How Quickly It Goes…


Annuities

During the recent market volatility, it’s hard to comprehend how much wealth was unnecessarily lost or how quickly. Through our complacency as advisors, our clients lost an astonishing amount of wealth that currently makes 2014 a nearly lost year. Due to inaction, we chose (yes, it was a choice not to have the conversations with our clients) to take them back to January 2014, when the S&P 500 was in a similar position.  

Without a doubt, risks exist with equity investments. Up until the third quarter, investors were rewarded with better-than-average returns. However, we spoke earlier this year about the potential for a correction, or at least volatility. Once again, we failed to take gains off the table and protect our wealth. 

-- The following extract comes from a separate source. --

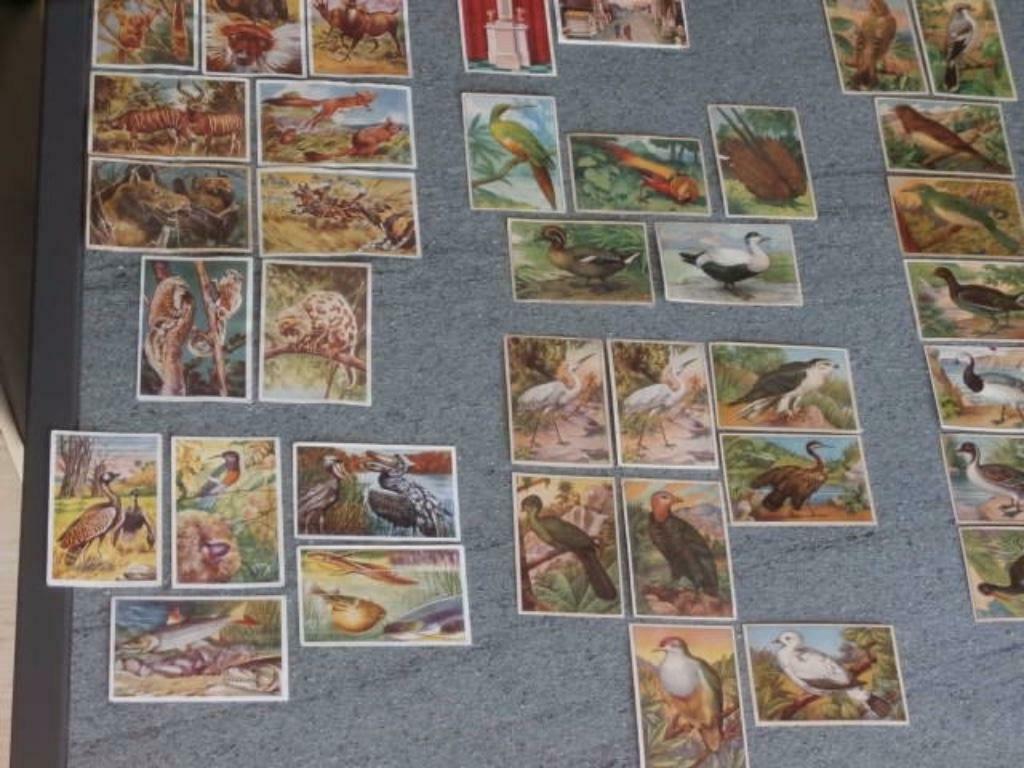 Chromos Chicory (38 chromos), Collections, Enlèvement ou Envoi, Utilisé, Animal, Gravure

Making clients aware of their options is paramount during bull markets. They never know how much risk to take … until they’ve taken too much. We run the risk of repeating the mistakes and greed associated with the financial crisis of 2008-09.

In the 22 trading days since Sept. 18 – when the S&P 500 saw an all-time high of 2,011.36 – $787.3 billion of wealth has been lost. The U.S. Treasury’s interest expense for debt payments was only $415 billion for all of 2013. In other words, we failed to protect more than 1.8 times the interest payment of the U.S. government. 

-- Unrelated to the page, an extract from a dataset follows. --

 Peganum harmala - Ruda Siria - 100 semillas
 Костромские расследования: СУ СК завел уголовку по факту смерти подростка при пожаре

Our clients should be appalled and question what they could have done differently. This time, let’s have meaningful conversations about mechanisms that protect clients and minimize risk. An optimized retirement income isn’t always dependent on the highest return or best asset allocation. An optimized retirement maximizes after-tax income, makes sure there are guarantees in place and places emphasis on protecting what we earn. Let’s have the right conversations in the next bull market.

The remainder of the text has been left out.